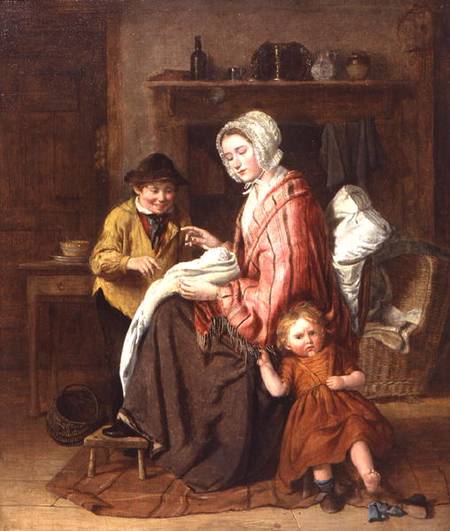 No longer the baby! c.1860 à William Hemsley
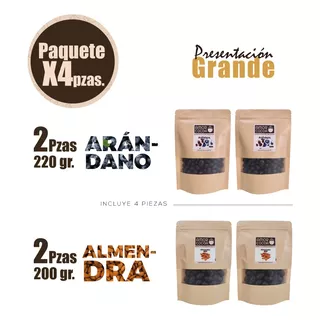 Café-almendra-arándano-pasa Cubierto De Chocolatex4 220g C/u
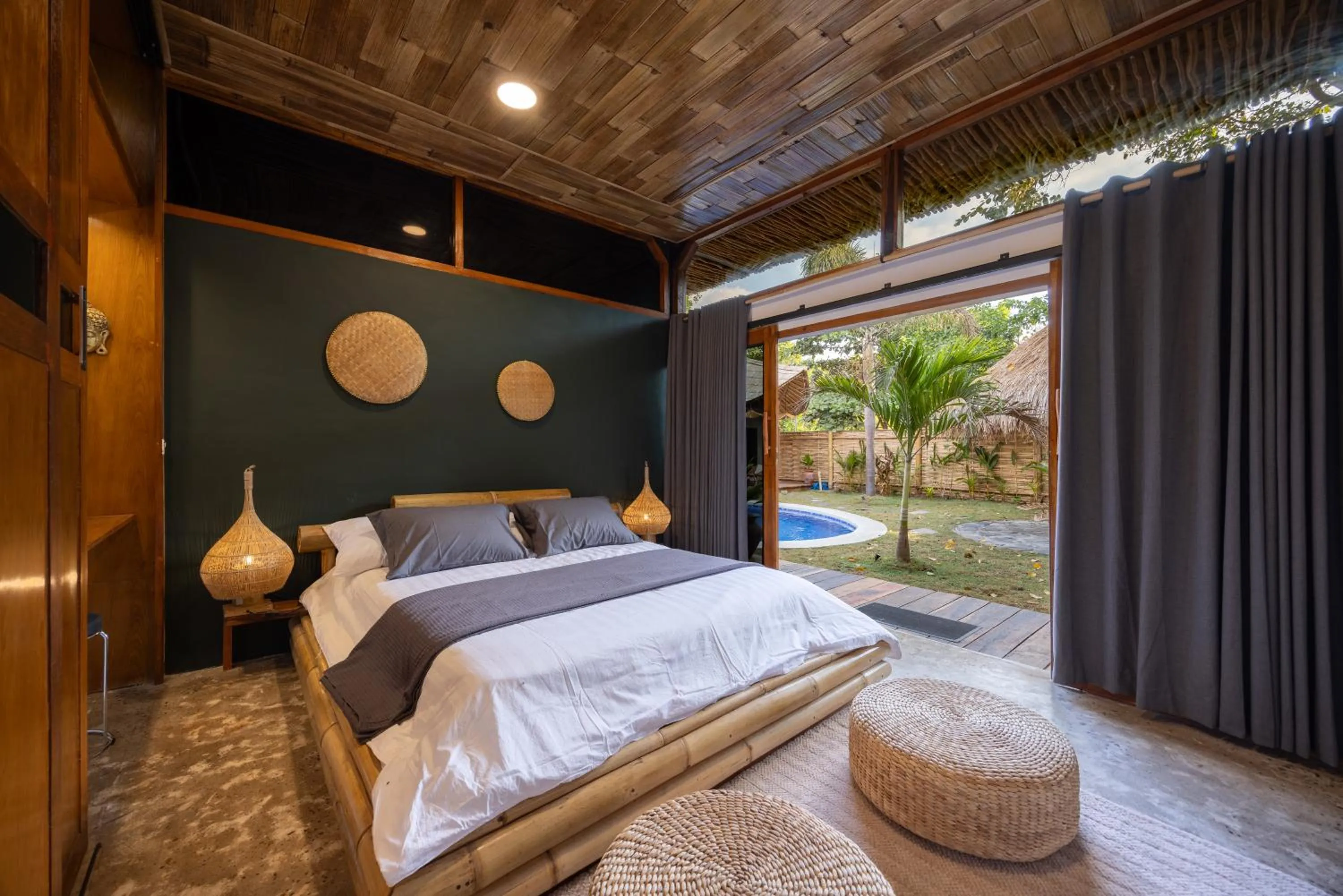 Bedroom, Bed in Villa Samyama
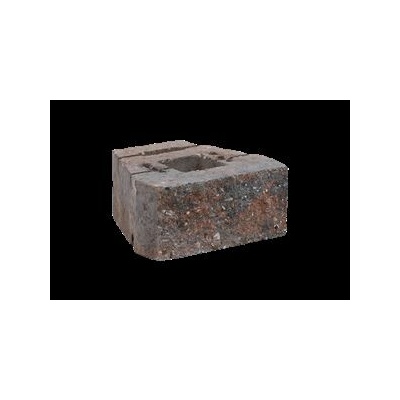 GEOSTONE miniFLAT štípaný Skořicovo-černá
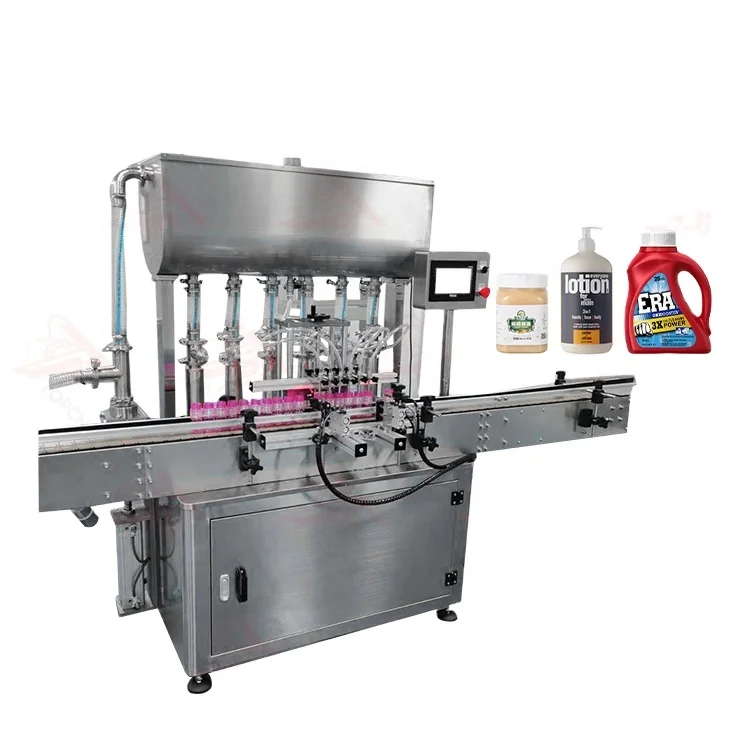 TAFM-4PM по индивидуальному заказу большой емкости 110V-220V 1/2/4/6/8 насадки пастовый заполнитель мед шампуня Автоматическая пастонабивная машина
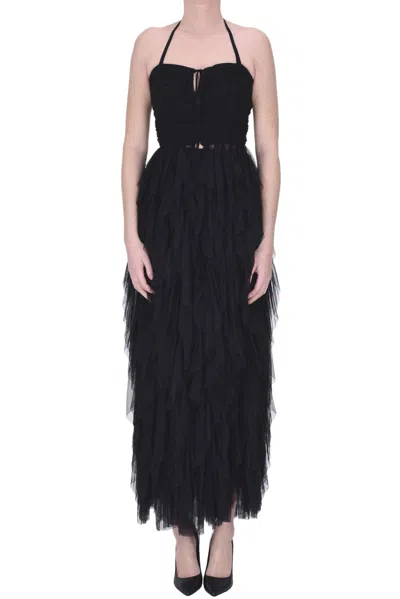 ANIYE BY FLOUNCED TULLE DRESS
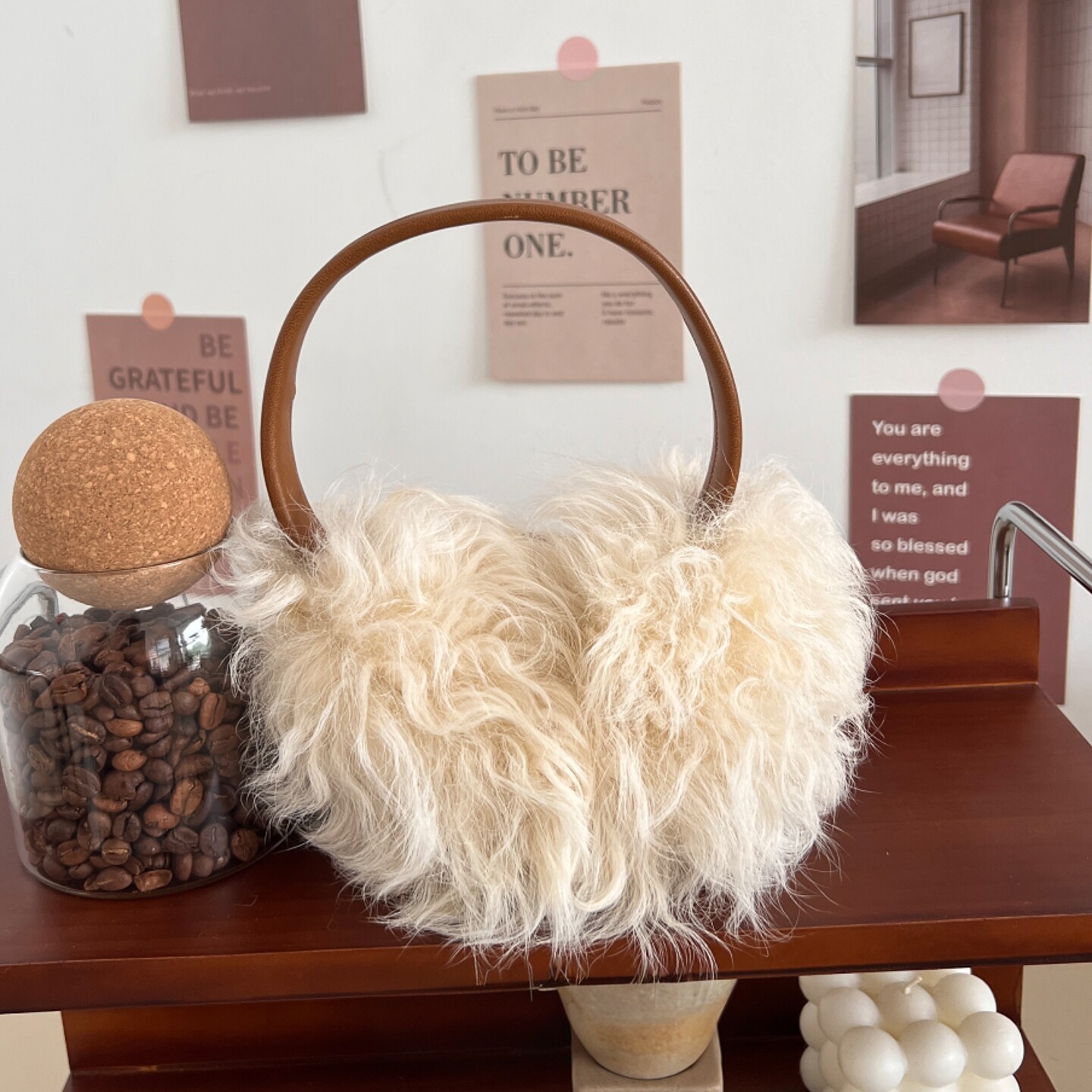 韩系ins个性卷羊毛保暖耳罩秋冬时尚高级加厚防冻耳气质百搭耳包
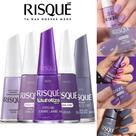 Kit Esmaltes Risqué Tons Cores Roxos Lilás Cremosos Metálicos 8ml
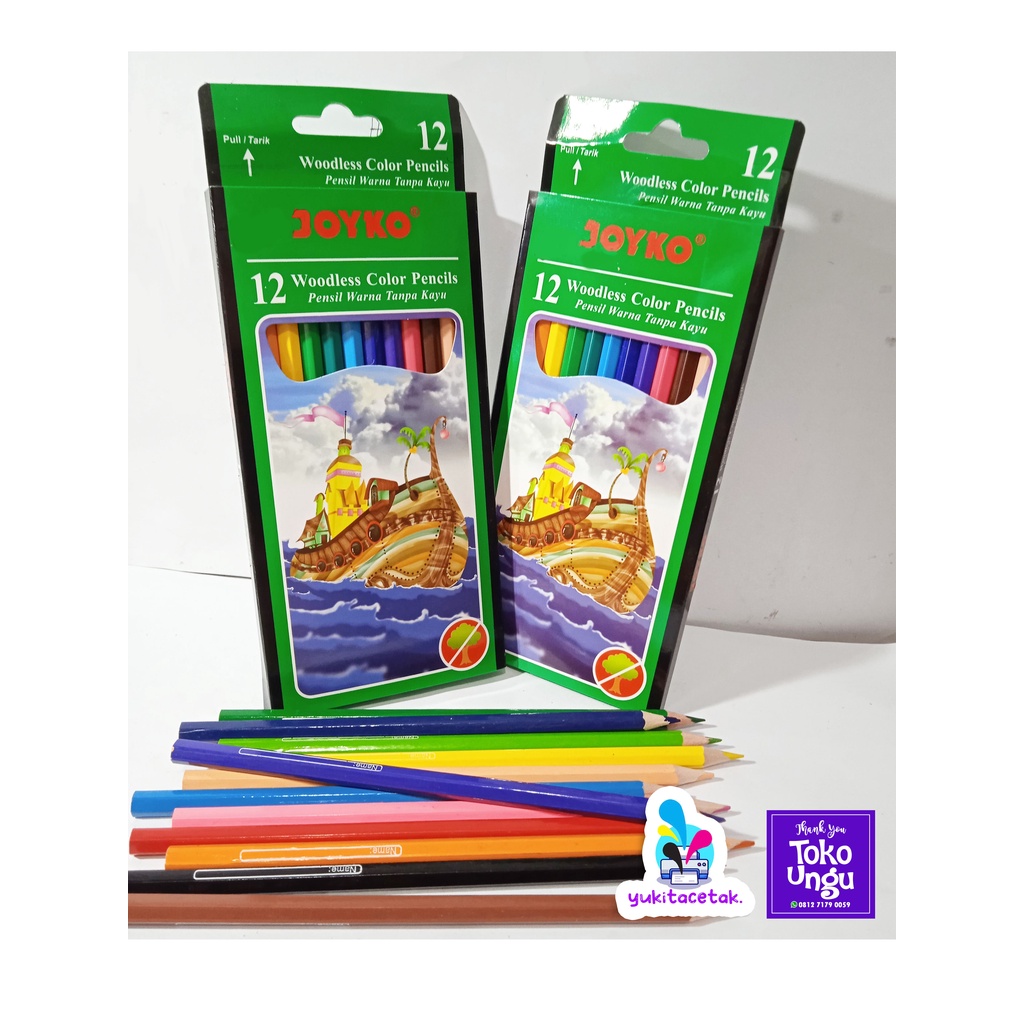 

JOYKO pensil warna panjang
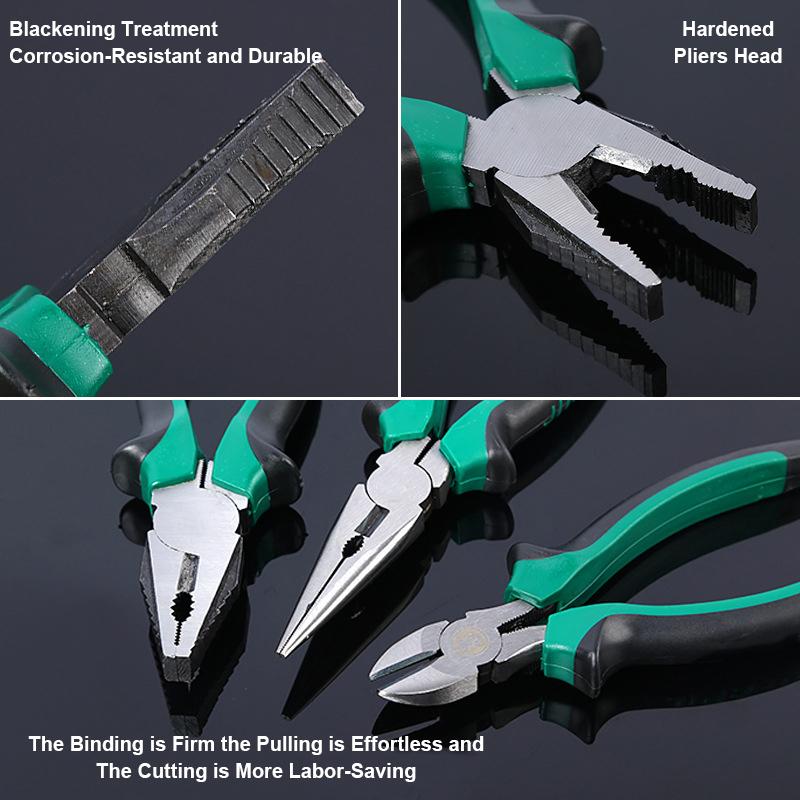 6 inch Universal Multifunctional Diagonal Pliers Needle Nose Pliers Tools Universal Wire Cutters Electrician Wire Pliers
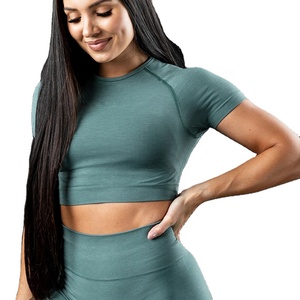 Haut court extensible pour femme, respirant, idéal pour le fitness, le yoga, la course à pied et les activités sportives – OEM ODM - Product Image 1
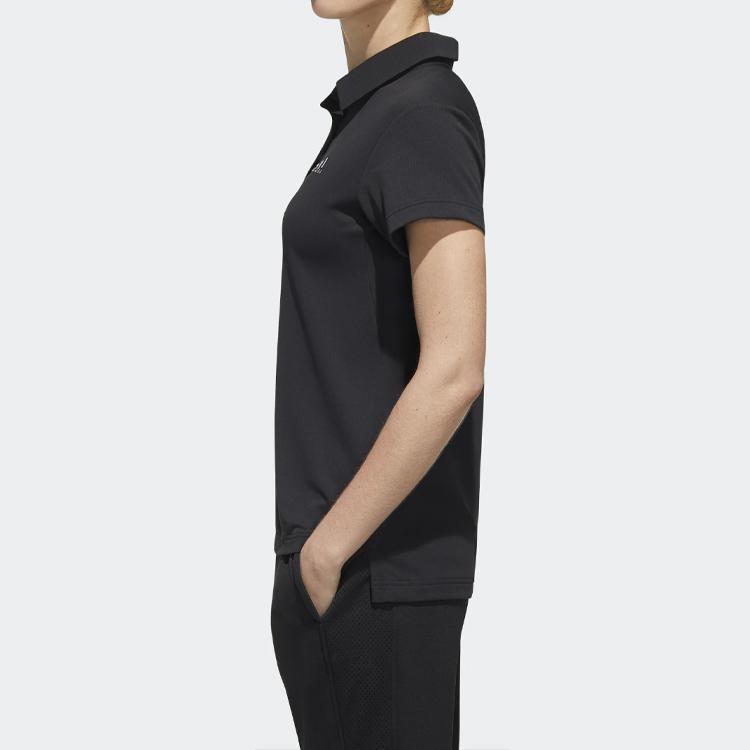 Adidas Tennis Polo Shirt Women Tops Black FK1385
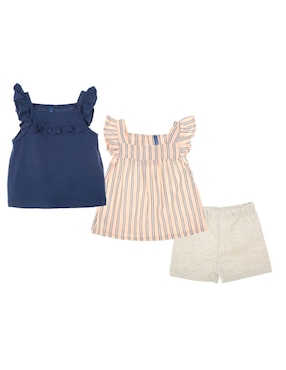 Conjunto Weekend Baby a rayas para niña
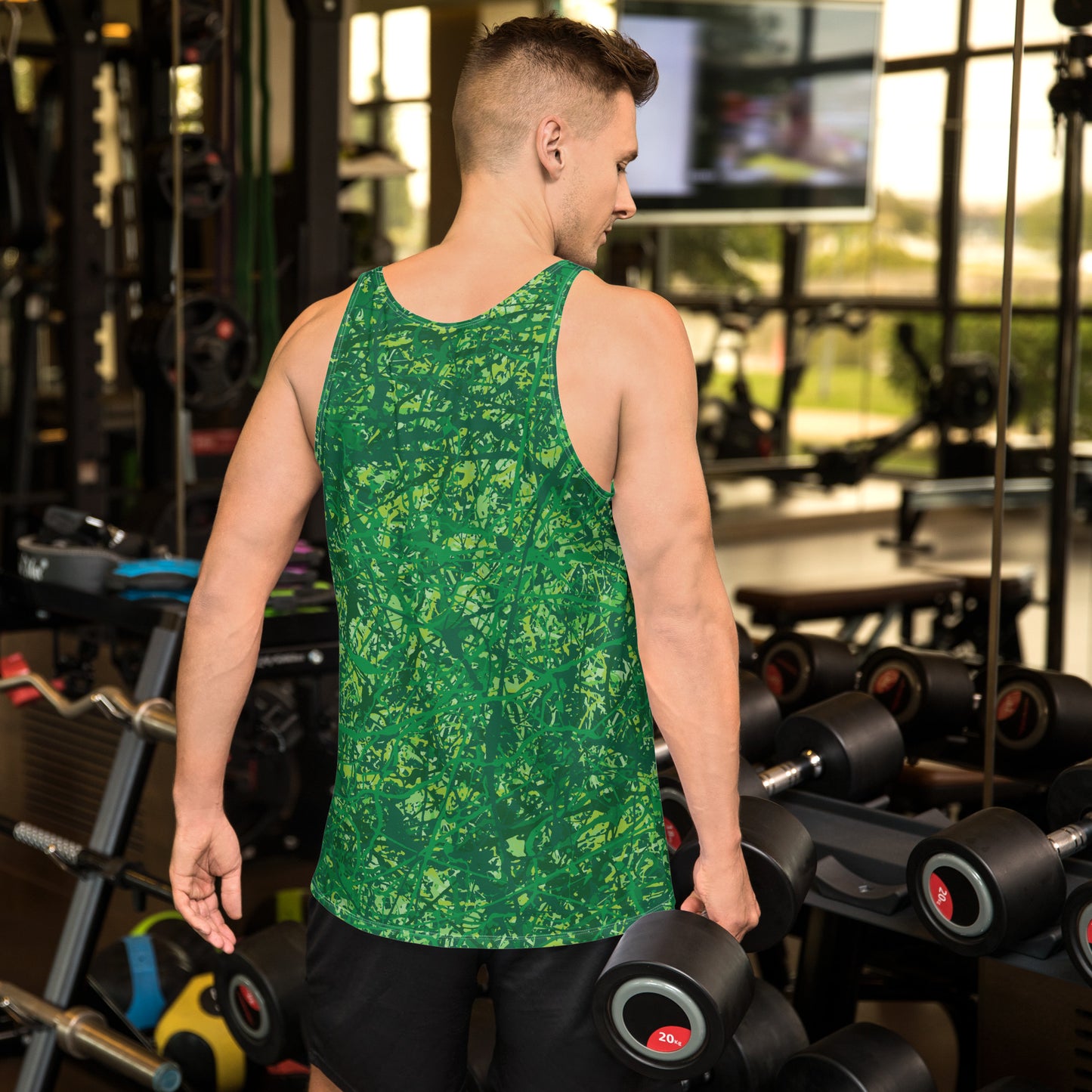Men's Tank Top Green10 Plex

────────────────────

WHAT IS EXPECTED: If the records include pictures, omit them and transcribe everything else exactly.

WRITTEN SOLUTION:
 No longer the baby! c.1860 à William Hemsley
 Café-almendra-arándano-pasa Cubierto De Chocolatex4 220g C/u
 Bedroom, Bed in Villa Samyama
 GEOSTONE miniFLAT štípaný Skořicovo-černá
 TAFM-4PM по индивидуальному заказу большой емкости 110V-220V 1/2/4/6/8 насадки пастовый заполнитель мед шампуня Автоматическая пастонабивная машина
 ANIYE BY FLOUNCED TULLE DRESS
 韩系ins个性卷羊毛保暖耳罩秋冬时尚高级加厚防冻耳气质百搭耳包
 Kit Esmaltes Risqué Tons Cores Roxos Lilás Cremosos Metálicos 8ml

JOYKO pensil warna panjang
 6 inch Universal Multifunctional Diagonal Pliers Needle Nose Pliers Tools Universal Wire Cutters Electrician Wire Pliers
 Haut court extensible pour femme, respirant, idéal pour le fitness, le yoga, la course à pied et les activités sportives – OEM ODM - Product Image 1
 Adidas Tennis Polo Shirt Women Tops Black FK1385
 Conjunto Weekend Baby a rayas para niña
Men's Tank Top Green10 Plex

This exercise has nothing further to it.